As I sat down to write this month’s newsletter, I found myself in a posture that I am often in these days: leaning over the table, head in my hands, struggling to sum up the vastness and complexity of the transition I find myself in, struggling to put words to something I am not yet used to articulating – because I am still in it – and in the end, coming up short. Sound bites feel most comfortable: “I am going thru puberty. Again.” Or “Ch-ch-ch-ch-changes.” Or “Whew, saturn is Re.Turn.Ing.”

I have reached a turning point in my life and my work, a point of profound reflection and evaluation of what my work has been, and frighteningly open expansion on all that it could be. In this oceanic and emotional process, it is my core sense of self that is struggling to remain afloat. I feel like a woman trying to remember herself (I welcome love notes as reminders), grasping onto one-liners and deep thoughts to give meaning to the chaos. And reading my horoscope. A lot.

My sister Adrienne, who is dope and brilliant and has a blog, recently wrote to me that she has remembered that she is more valuable than her work, and that the most important thing to the people who love her is her happiness. I sobbed like a little baby when she shared that with me because I realized that in my machinations about what I should be doing with myself, I had forgotten my actual SELF. Before I was ever a facilitator, an organizer, a theologian, a musician, a writer, an actress, a dancer, a mother, a partner, a producer of monthly newsletters and deep thoughts, I was a valuable person. And if I left off of any of those identities tomorrow – by force or by choice – I would still be a valuable person.
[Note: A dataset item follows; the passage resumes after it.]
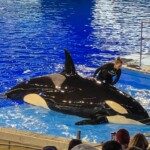 orche sea world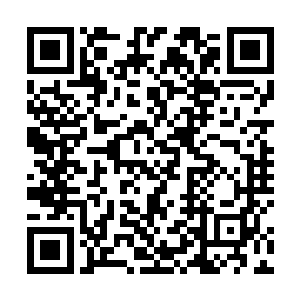 一个中年修士对着坐在上首第一个紫色面孔的修士说道二维码生成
So as I move into and through this process of deep re-evaluation, I do it from the place of protecting this thing I now understand as true: I am the thing that is valuable, and yet I cannot attach a value to myself. But if I see myself only through the lens of my work, attaching value to myself is exactly what I do. Who do I want to be working with? What do I need in order to sustain my practice and be happy? What do I deserve in a friendship, a collaboration, a political framework? These are essential questions for me right now. Like most organizers, I talk a big game about sustainability and still find myself on verge of burnout half of the time. I teach my students to trust the process and let go of ego, while I am scrambling to retain control of my own experience. How often are we working counter to our own wisdom? 

So this spring and summer, I plan to plant a lot of vegetables and water them and watch them grow. I plan to write a short story once a week, so that my wild dreams can find a home and my mind can get some creative exercise. I plan to take a real break from some of my burdens. I will remember myself. I will remember.